First make sure the folks you grant admin rights are fully trained and reiterate how important data retention is on your program.
Your main ESM storage I'm assuming is out on a huge data store so maybe you could get your storage folks to allocate 4-5 times what you need and use snapshots or possibly have a second storage array for a read only/recover copy from a continuous backup process? I would imagine that if you had to rebuild as long as the configuration files match the underlying database that you could drop in the backups for that period and restart. You may want to test that theory out for giggles if you have a smaller development/test environment
As far as relying on an ELM, according to McAfee there is no way to re-ingest events ELM -> ESM which I agree that would be very difficult to ensure you got everything so not really an option.

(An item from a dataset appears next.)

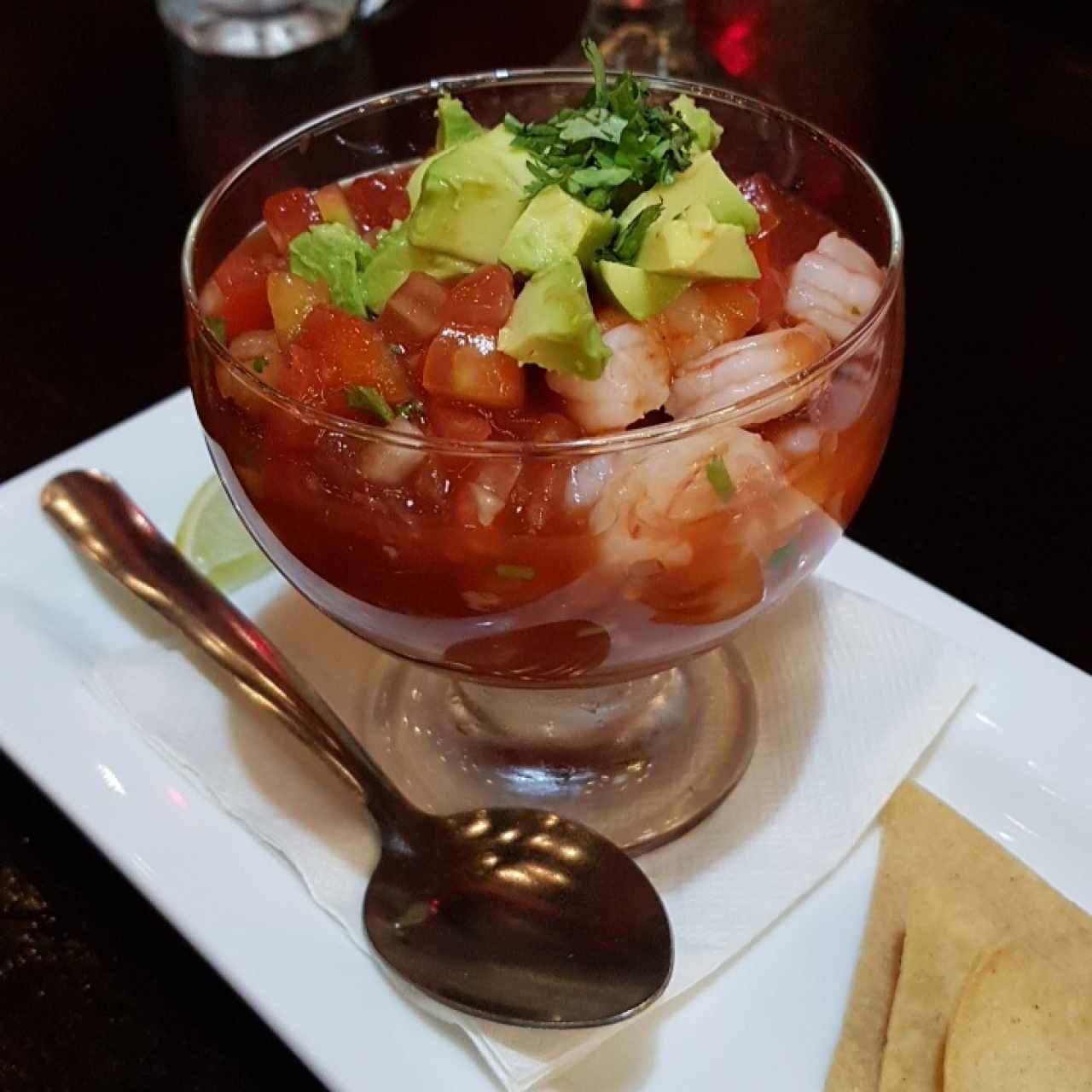 ceviche de camarón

I would think McAfee would have thought of this and could provide some ideas on how to solve this problem?
The database allocation and database storage options actually only exist under the NGCP admin account, they do not exist anywhere else, so as long as NGCP is restricted to an individual or two who know, do not touch these settings, you should be good.
As far as keeping data active on the SIEM, or available to become active, you could potentially investigate archiving data, and doing backups for the archived data server, this will allow you to re-insert these partitions into the SIEM for viewing at a later date, and having backups performed off the ESM, so that it stays up and running, as far as getting a full database backup, it may be the best solution to do full backups on the redundant ESM, and leave the primary ESM running.
Unfortunately, that is the best answer giving the capabilities allotted to the SIEM at this point. If McAfee develops a way for the full backup to start taking the oldest partition offline first and detaching it, then backing it up, then proceeding until it reaches the current active partitions, then we may have a real backup solution that won't stop our SIEM from running 2-3 days during a backup.